Je ne connaissais guère Francis Jammes (1868-1938) originaire de Tournay, dans les Hautes-Pyrénées. Mon ami Jean vient de me le faire découvrir. Quel poète ! Un bonheur de le lire. Sa langue est si simple et tellement sentie. Et baignée dans tant de respect et de tendresse. En voici une idée :

Avant que nous rentrions, nous nous promenâmes.

Il me semblait que nous tenions un bouquet d’âmes,

et nous disions des mots qui nous faisaient nous taire.

La nuit pure coulait dans l’eau du torrent vert

et, sur les pics, flottaient des nuées immobiles

pareilles aux nuées de quelque vieille bible.

 

Une bonté d’amour faisait pencher ta tête;

je ne sais quoi de grave et de grand comme un poète

faisait nos cœurs pareils à de la vérité.

Nous hésitions longuement et lentement à rentrer,

sachant que nos bras nus devaient s’ouvrir ensemble,

sans une hypocrisie et sans timidité.

 

Plus douces que des orphelines qui ont chanté,

les âmes des étoiles blanches et tristes priaient.

Tu me disais des choses délicieuses que l’on a dites.

Tu me disais : « Tu es un tout petit enfant. »
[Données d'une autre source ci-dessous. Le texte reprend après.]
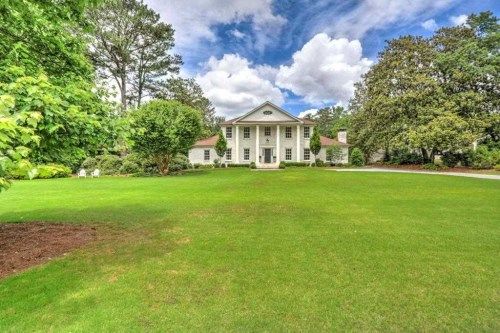 2893 Rivermeade Dr NW, Atlanta, GA 30327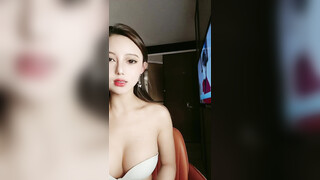 网红脸女神【周周不是鱼】极品身材模特下海~大美女~美 ~~超清，极品女神 (9)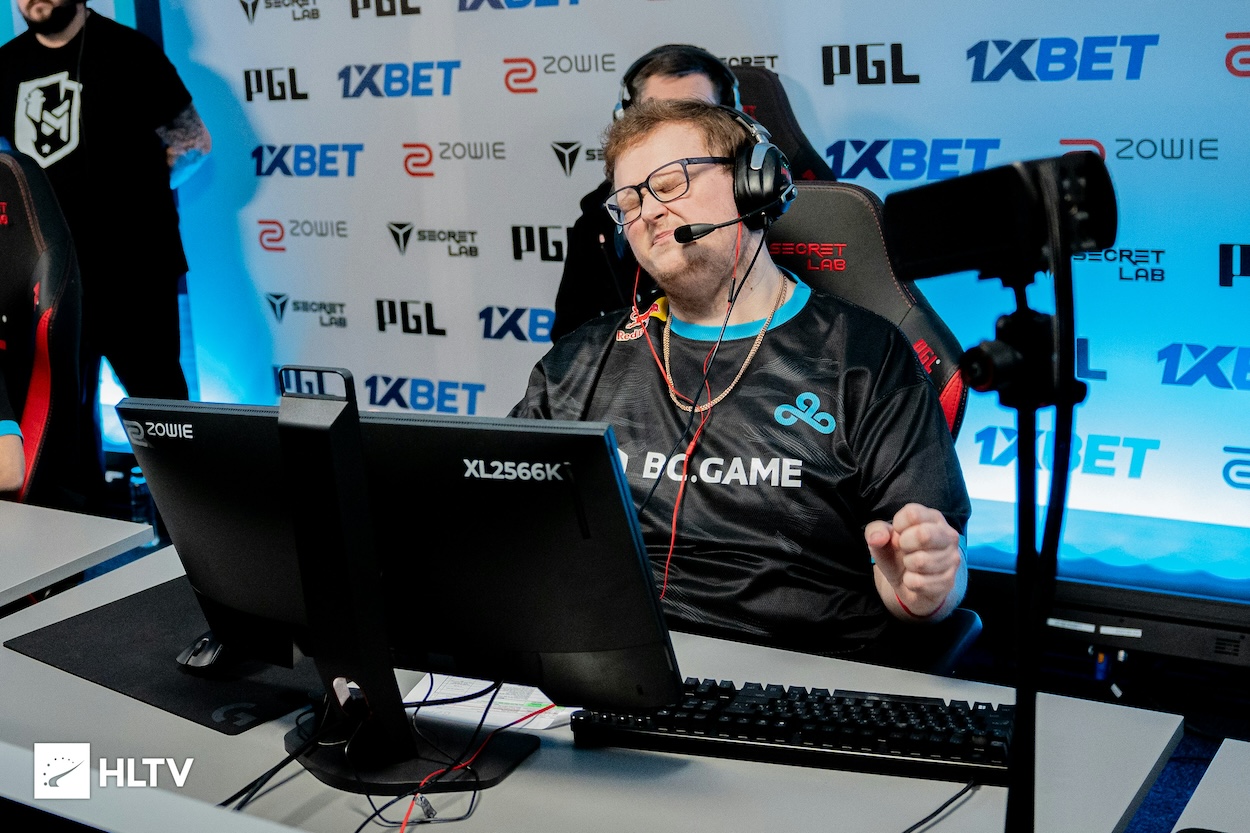 Обложка: HLTV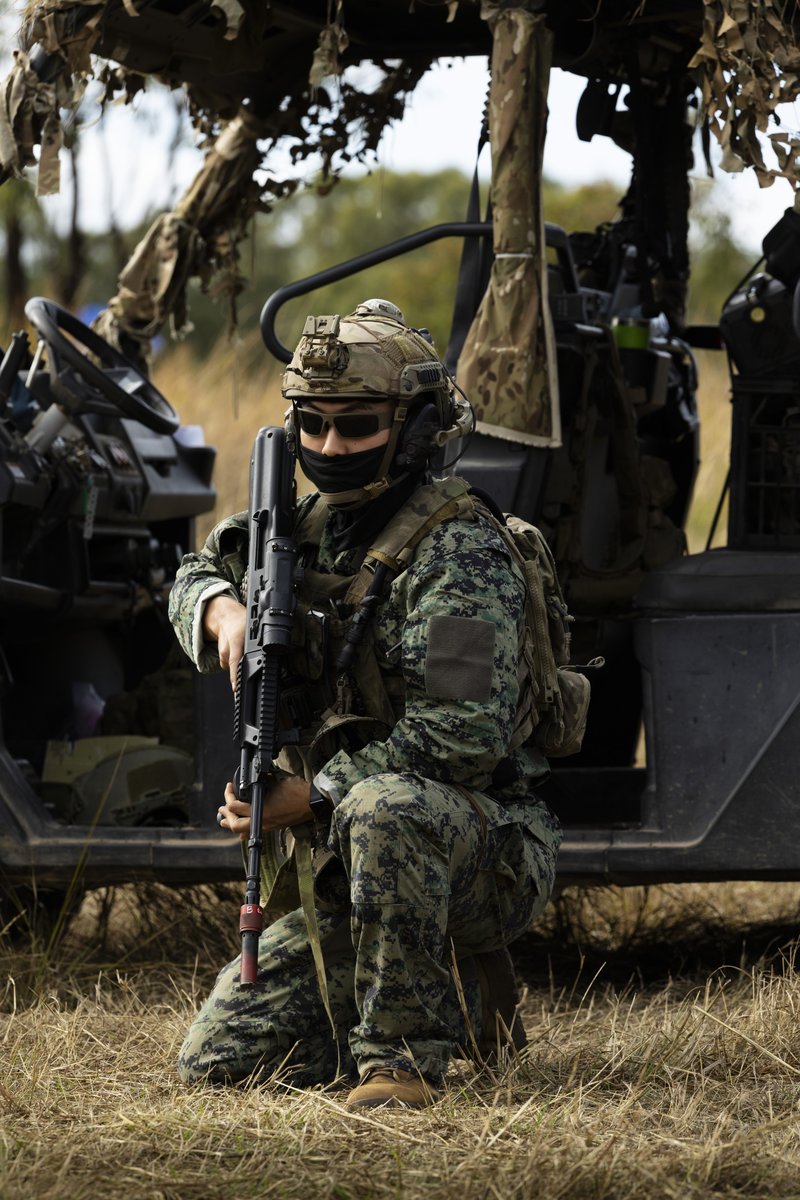 AustralianArmy's tweet photo. Training together 💪🇦🇺🇰🇷  

#AusArmy and @ROK_Army soldiers came together to conduct integration training during Ex Tiger Dingo.   

📸 PTE William McCormick / PTE Alli Craig https://t.co/DsaEgvBNf3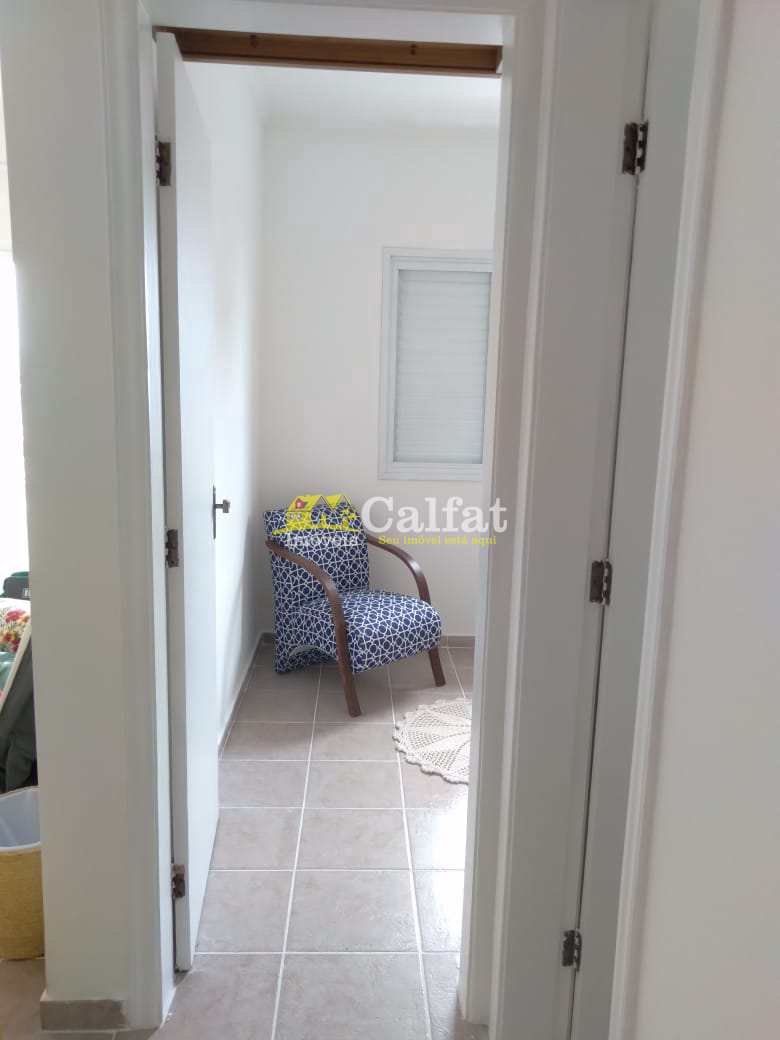 Apartamento à venda com 1 quarto, 42m² - Foto 11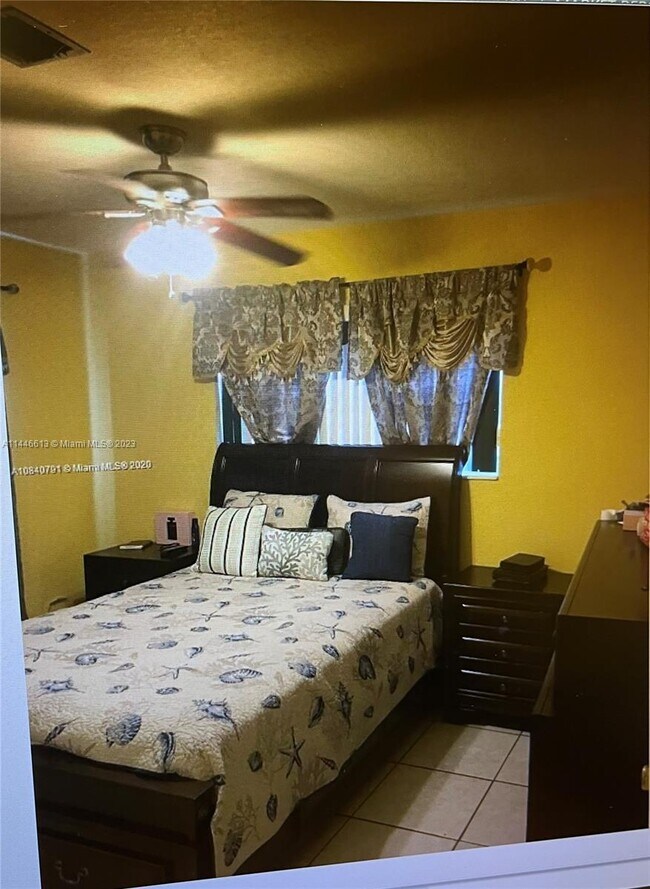 Foto del edificio - 325 NW 193rd Terrace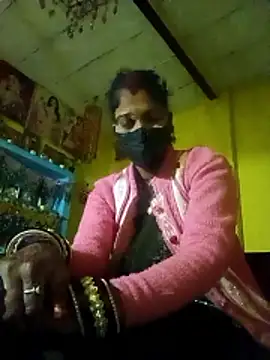 Pooja rathor online show from 01/15/26, 03:37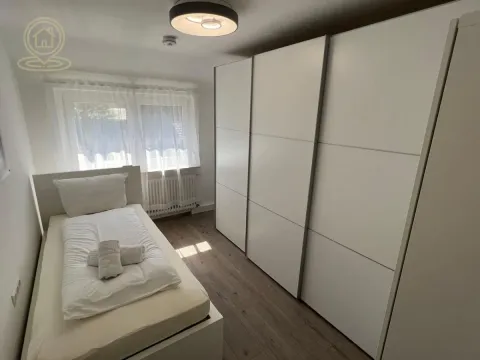 Izdavanje, trosoban stan, 58m², Centar, Kragujevac - image 9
Et ta voix se traînait sur ces mots, détachant

Les syllabes et disant « Un-tout-pe-tit-en-fant. »

 

Je te disais : nous sommes allés à la même école,

quand tu avais quatre ans. N’est-ce pas que c’est drôle ?

Et tu relevais la tête et tes yeux noyés de douceur

me donnaient un regard qui me buvait le cœur.

« Petit ami », me disais-tu, « que c’est calme ! »

Et nous nous taisions, ne sachant plus nos âmes…

 

Nos deux corps se sont fondus comme des pêches

brûlantes de soleil sur un même pêcher.

Tu disais : « Cette nuit n’a été qu’un baiser…

« C’est fou. » Et quand, soûls d’amour,

le jour parut, tu dis : « Que vient faire le jour ? »

 

Tes dents mordaient mes dents et me brisaient la bouche…

L’aube tremblait sur ton profil presque farouche.

Je te disais : tais-toi ! quand tu ne disais rien.

 

Puis nous sommes sortis dans la campagne fraîche.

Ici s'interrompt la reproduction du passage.